Listed entries Start Marker

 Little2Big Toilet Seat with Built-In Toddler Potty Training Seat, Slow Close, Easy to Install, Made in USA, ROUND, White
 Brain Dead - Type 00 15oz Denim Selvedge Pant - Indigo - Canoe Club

Listed entries End Marker
Listed entries Start Marker

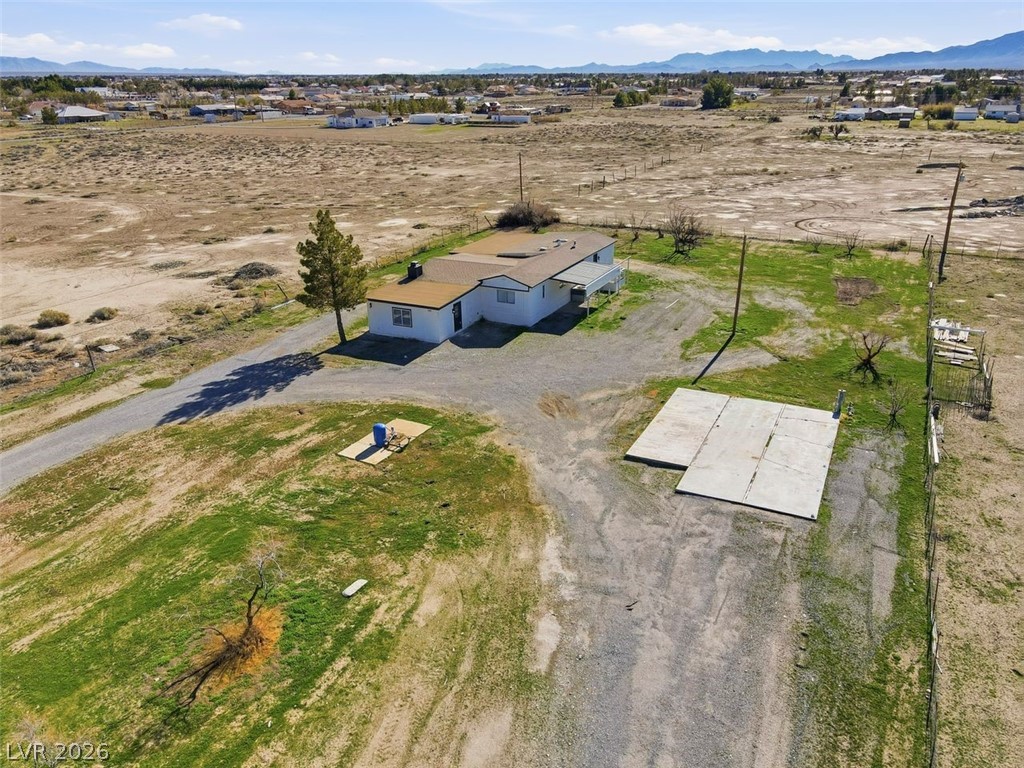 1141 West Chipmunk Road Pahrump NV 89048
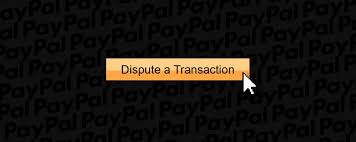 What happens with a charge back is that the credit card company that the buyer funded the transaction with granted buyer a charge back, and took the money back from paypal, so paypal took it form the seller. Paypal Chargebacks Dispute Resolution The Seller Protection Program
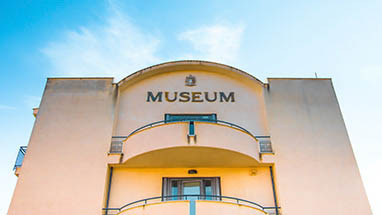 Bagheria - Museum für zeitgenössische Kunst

Listed entries End Marker
Listed entries Start Marker

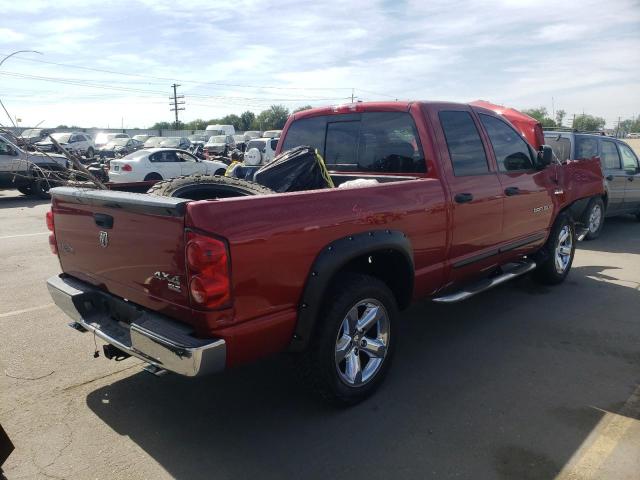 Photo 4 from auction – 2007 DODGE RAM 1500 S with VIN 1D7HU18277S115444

Listed entries End Marker

* _Required work_
The answer is the lines above between the line holding "Little2Big Toilet Seat" and the line holding "Brain Dead - Type", inclusive, each written out exactly, and no others.

* _Reply to the exercise_
 Little2Big Toilet Seat with Built-In Toddler Potty Training Seat, Slow Close, Easy to Install, Made in USA, ROUND, White
 Brain Dead - Type 00 15oz Denim Selvedge Pant - Indigo - Canoe Club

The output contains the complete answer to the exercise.